[Crawled caption data]
>>>

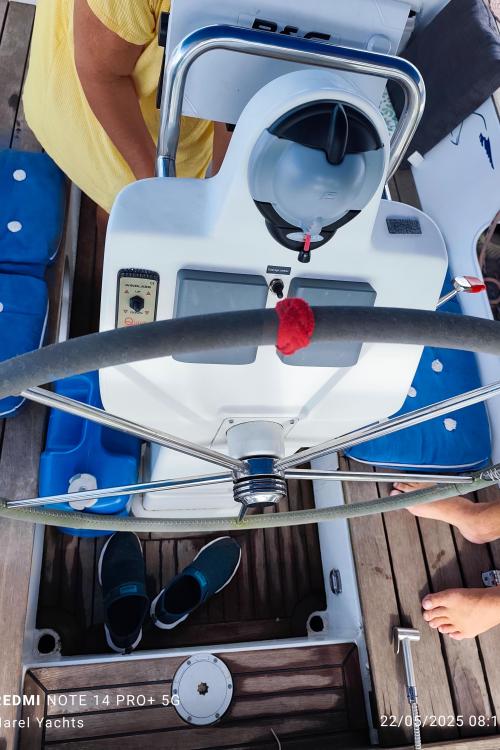 Steering wheel of a 2019 Custom Patago 40 yacht with blue seating and wooden deck.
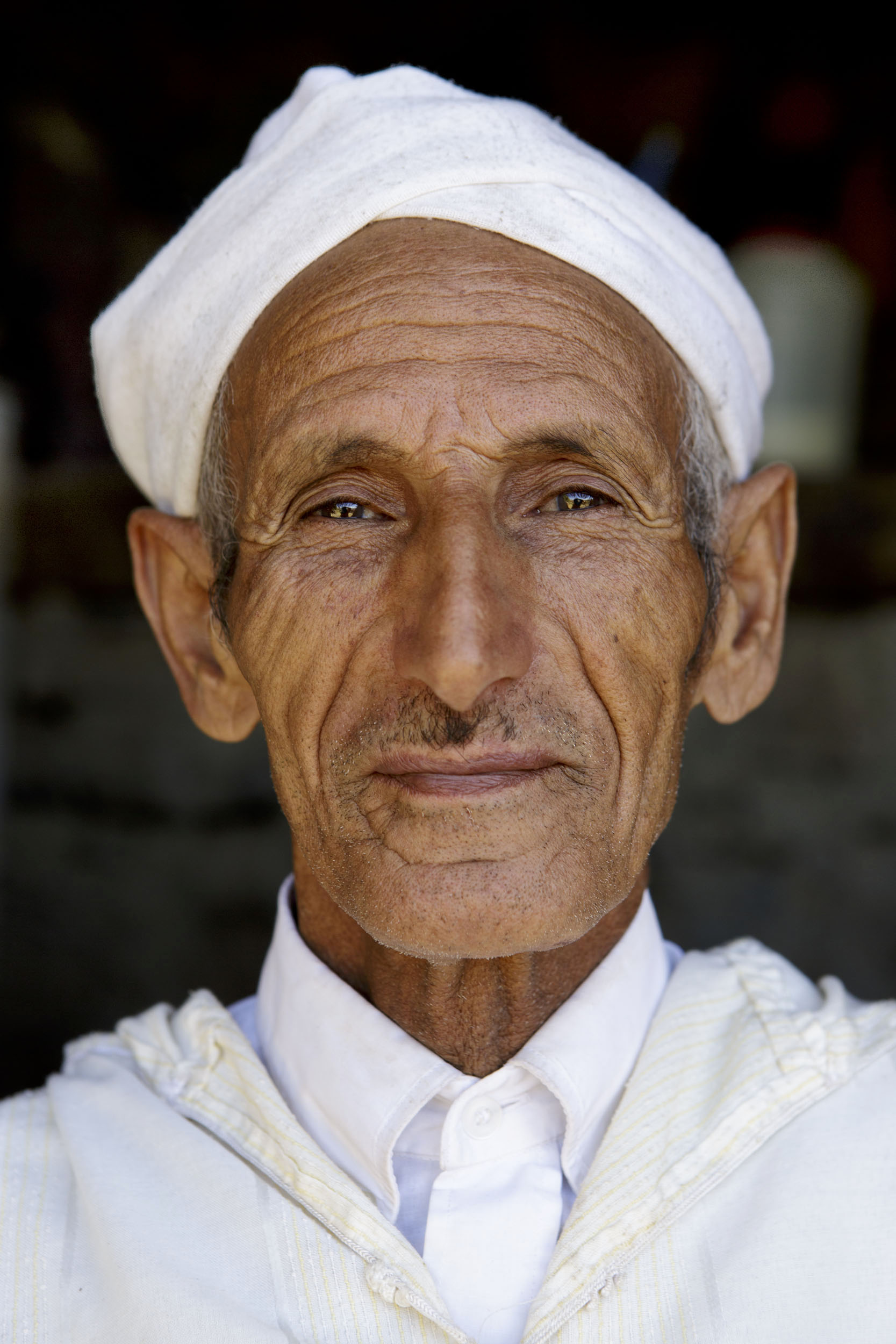 Portrait frontal du visage d'un homme fier en chemise blanche, djellaba et chèche blanc sur la tête, il pose assis devant sa maison dans la vallée d'Anergui au Maroc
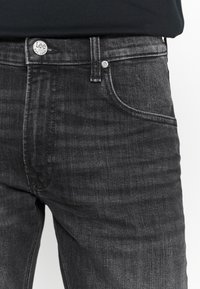 Persona vistiendo jeans de mezclilla negros con el bolsillo frontal visible y un botón de metal etiquetado "Lee Est. 1889" que cierra la cintura.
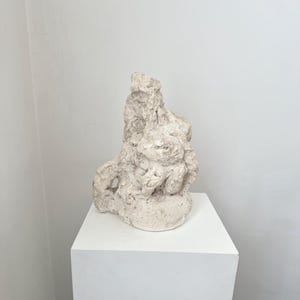 Könnte beinhalten: Eine strukturierte, cremefarbene Skulptur mit abstrakter Form. Die Skulptur steht auf einem weißen Sockel vor einer schlichten weißen Wand. Die Oberfläche der Skulptur weist eine raue, unebene Textur mit verschiedenen Vorsprüngen und Vertiefungen auf.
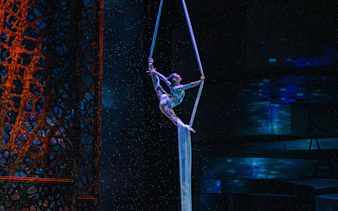 Aerialist performing aerobatics at La Perle show in Dubai.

<<<

▶ _ASSIGNED TASK_
When you copy the entries, keep every word exactly as it stands and drop any pictures.

▶ _WRITTEN ANSWER_
 Steering wheel of a 2019 Custom Patago 40 yacht with blue seating and wooden deck.
 Portrait frontal du visage d'un homme fier en chemise blanche, djellaba et chèche blanc sur la tête, il pose assis devant sa maison dans la vallée d'Anergui au Maroc
 Persona vistiendo jeans de mezclilla negros con el bolsillo frontal visible y un botón de metal etiquetado "Lee Est. 1889" que cierra la cintura.
 Könnte beinhalten: Eine strukturierte, cremefarbene Skulptur mit abstrakter Form. Die Skulptur steht auf einem weißen Sockel vor einer schlichten weißen Wand. Die Oberfläche der Skulptur weist eine raue, unebene Textur mit verschiedenen Vorsprüngen und Vertiefungen auf.
 Aerialist performing aerobatics at La Perle show in Dubai.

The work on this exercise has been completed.